Me and the Dog(Topanga) are starting to use a bike for runs in the mornings and afternoons on my lunch break from work. How long is a good run for her. I tend to go about 10min as a full Gallop with her than about 4-5 min of a cool down. That seems to do the trick but I am wondering if she needs to go a little longer or what. Thanks a ton


----------



## Elaine (Sep 10, 2006)

Just like with people, jogging long distance is better. When I'm biking my dog, his primary gait is a trot. I vary the speed from a fast trot to a slow trot with an occasional full out run in order to build his heart and lung capacity and to use all of his muscles. I keep an eye on him and watch how hard he's breathing to determine his speed.

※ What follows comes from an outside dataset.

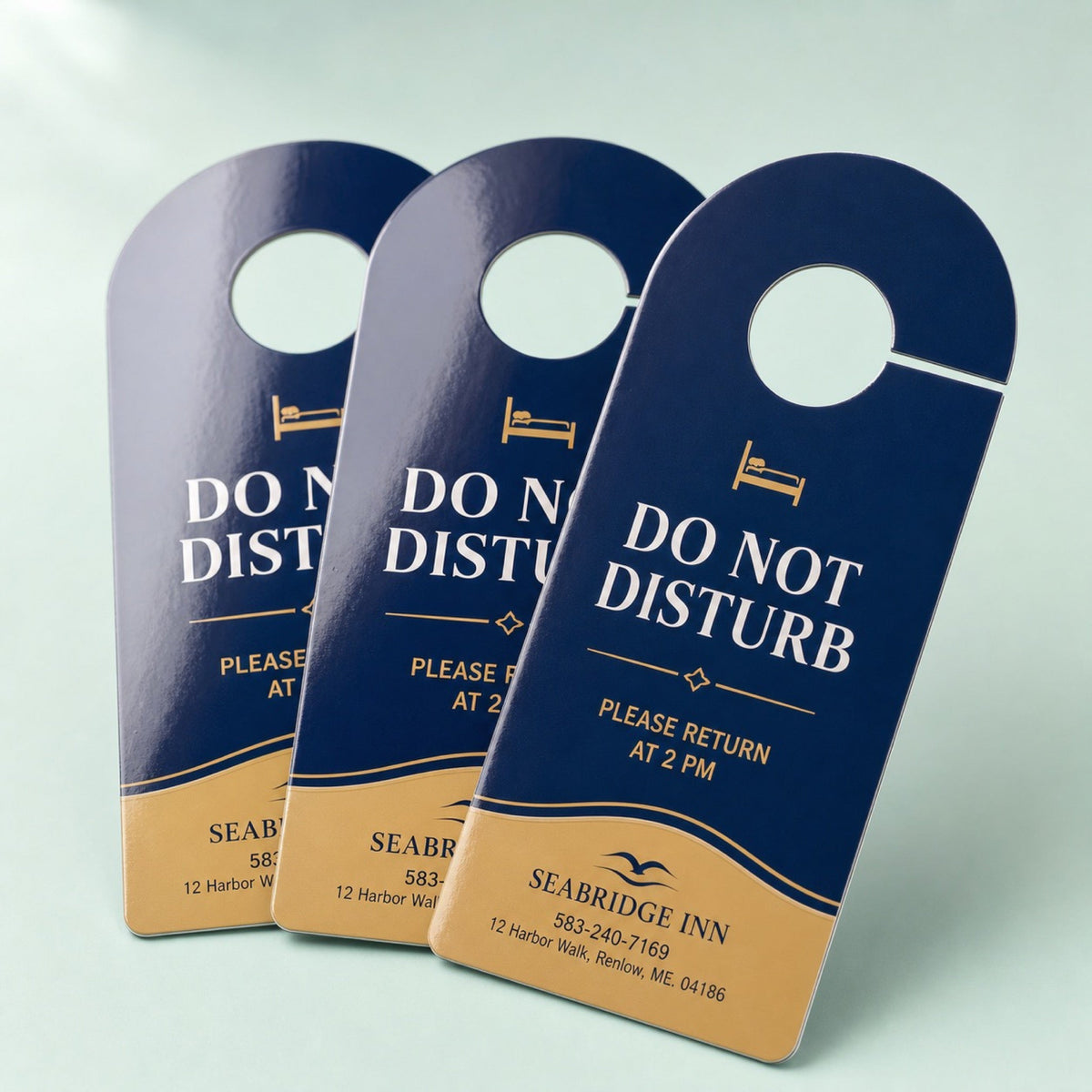 High-Gloss Door Hangers shown as another common application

I regularly went 6 to 8 miles at a time and that only took the edge off him.


----------



## Castlemaid (Jun 29, 2006)

I'm with Elaine, slow down and have her trot for longer period instead of running her full out for 10. A few years ago I trained my mixed breed for a 20 km (12.5 mile) endurance test (the AD) of trotting at speed with me on a bicycle. To build up her stamina and endurance, almost all our biking was done at an easy trot for her. To help condition her, we did short burst of running, only a few minutes at a time, never more than five minutes.


----------



## Melgrj7 (Jul 5, 2009)

My dogs will do 14 miles at a steady trot. They could probably do longer too. We normally do about 4-5 miles at a steady trot and will do a full out run for a minute or two if they want to. I don't let them do full out runs when we do longer distances.


----------



## mongol777 (Aug 10, 2009)

Do you guys avoid pavement? What is the running surface in general - earth, grass, etc?


----------



## Elaine (Sep 10, 2006)

Most people can not avoid pavement and that's what my dog runs on.


----------



## Lin (Jul 3, 2007)

Pavement is fine if the dog is at least 18 months old, and you take precautions such as don't run them on pavement that you wouldn't be willing to walk barefoot on. You can also use something like mushers secret to protect their paw pads when on pavement in hot weather, or pavement in winter when there could be salt present.


----------



## mongol777 (Aug 10, 2009)

Thank you! We just started with the bike - about 2 km every morning (to and from the park). She is 1 year old. I try to avoid pavement for now. Installed this device on the bike - WalkyDog Bike Leash | Walky Dog Bike Leash | Bicycle Dog Leash | Bike With Your Dog | Dog Bike Accessory - The Dog Outdoors and she mostly runs on the grass (we have pretty clean neighborhood and she runs mostly on front yards). I will try and find mushers secret - sounds pretty good.


----------